CSOs and CISOs may feel more pressure from a new breed of security professional - the chief information risk officer - now that the federal government has made risk management mandatory and spelled out in a new document just how risk ought to be assessed and dealt with.
While it doesn't call for overturning the authority of CSOs and CISOs, the directive from the National Institute of Standards and Technology (NIST) does call for input from higher up the corporate ladder when decisions are made about securing an organization's assets.
This push by the federal government may influence what happens in the private sector, where risk assessment is long overdue as a means to determine how information security dollars get spent, says John Pironti, president of IP Architects, a security consulting firm.
"We should do risk first, security second," Pironti says. "Security is there to meet the needs of risk."
Under the new NIST guidelines, that means creation of a risk-executive function - which may be a person or a committee - but one that takes the risk to an organization's goals into account when it decides how to deploy IT security infrastructure.
"This gives a context for how IT and information systems are deployed vs. a random build-out of the infrastructure," says Ronald Ross, one of the authors of the NIST document "Managing Information Security Risk."
The risk-executive function doesn't necessarily mean ousting people currently holding positions within IT security, it could just mean sharing of information with others within the organization. But traditional CSOs and CISOs may lack some of the skills to do the job alone.
"The "S" in CSO and CISO says it already: CSOs and CISOs are mainly concerned with security or with information security," says Urs Fischer, chairman of the risk-certification program run by ISACA, the international IT and information systems organization that offers certification in risk and information system control.

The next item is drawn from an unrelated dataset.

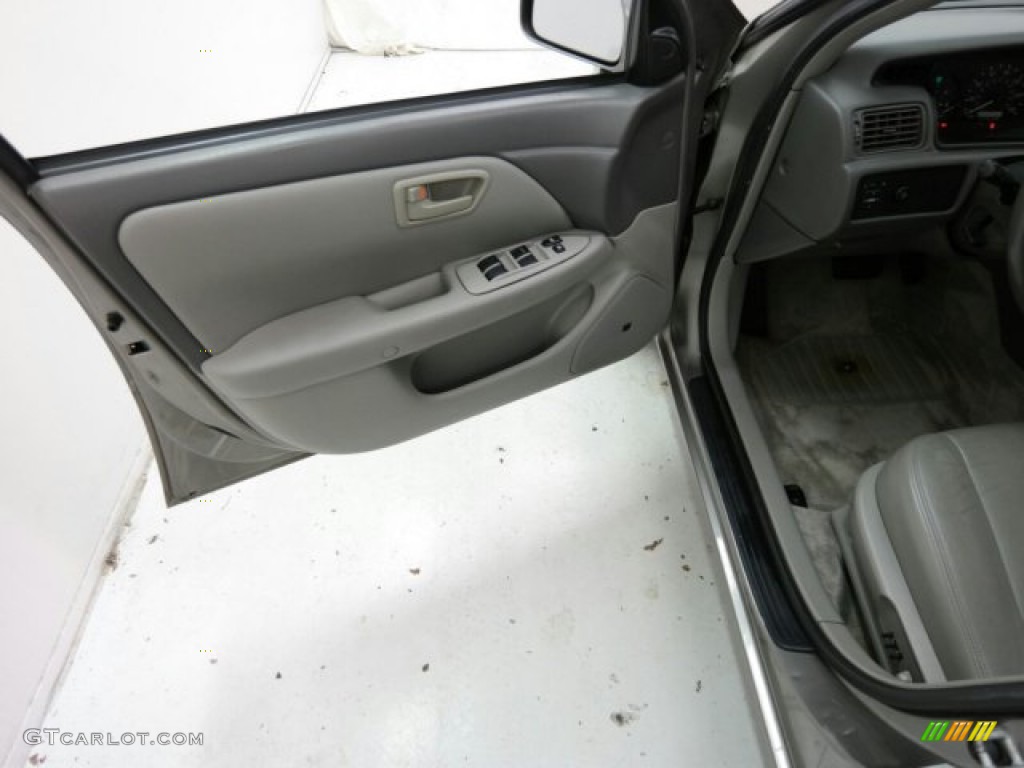 2001 Camry LE V6 - Graphite Gray Pearl / Gray photo #16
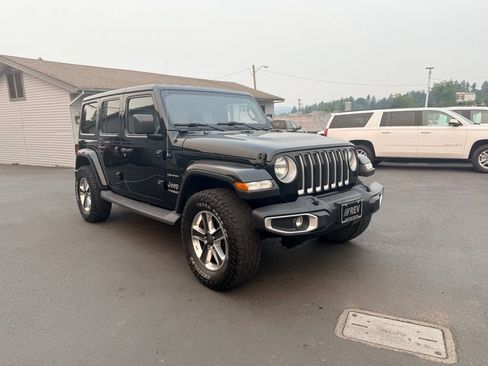 Used 2019 Jeep Wrangler Unlimited Sahara w/ Uconnect 4C Nav & Sound Group AWD/4WD image 7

"IT-related risks actually are a lot more: IT risk is business risk — specifically, the business risk associated with the use, ownership, operation, involvement, influence and adoption of IT within an enterprise. IT-related risk management covers all IT-related risks, not limited to information security," Fischer says.
The distinction can be unclear, says Pironti, because risk is a term that's often not used precisely. To traditional network security personnel, it often means a security threat - what could happen and the likelihood that it will and the impact if it does.
Risk in the broader sense is the ability of a business to absorb and react to a threat. "Do I need to respond or not?" he says.
For example, if a Windows server is open to attack, a pure security professional might say it's a huge risk - to that server. A risk management professional would assess the impact. Would the server go down? Would all the data on it be stolen? "It may not be a real risk. It's a concern, and part of an assessment," Pironti says.
In large part, people who design disaster recovery and business continuity plans already understand risk, he says. Their task is to figure out what a business's most important assets are and to make them available if their primary source becomes unavailable. Those same assets are likely the ones that should be best protected, he says.
Risk assessments by vendors are often overblown because they don't take into account each business's use of their vulnerable products. For example, a bug in a security product may put data in a business division at risk, but if that division is being phased out or represents an insignificant part of revenue, the bug may not be worth fixing, Pironti says.
A common thread among risk assessment models is culling input from people with a broad range of expertise - business, legal, technical, etc. - and feeding it to a central, decision-making person or body. And it's best to cast a wide net. "It's better to treat risk identification as a brainstorm at first to build as comprehensive a list as possible — there are no wrong answers," according to a report by Forrester called "The Risk Manager's Handbook: How to Identify and Describe Risks". "You can always make a decision later to remove risks that you and your subject matter experts consider irrelevant."
As risk officers become more prevalent, people who have held top level security jobs may need to retrain if they aspire to the top risk job, Pironti says. "They're not extremely common yet. They're still being advocated for."
And the job might absorb the CISO, chief privacy officer and other jobs, a situation that might pose political roadblocks. But the position needs to be board-level in order to be effective because the person filling it needs to grasp the goals of the business in order to properly assess risk, he says.
The profile of a good risk management officer is someone who is aware of technology but not wedded to it. "It's very hard for technologists to understand risk. They think they understand the business when they really don't."
For several years he advocated that aspiring risk officers get MBAs to prepare. Now he advocates that they spend time with product-management teams to better understand business processes, what the most valuable information is and where it might be vulnerable. "The question is, 'Do you add another chief?'" he says. "How many chiefs does it take to run a business?"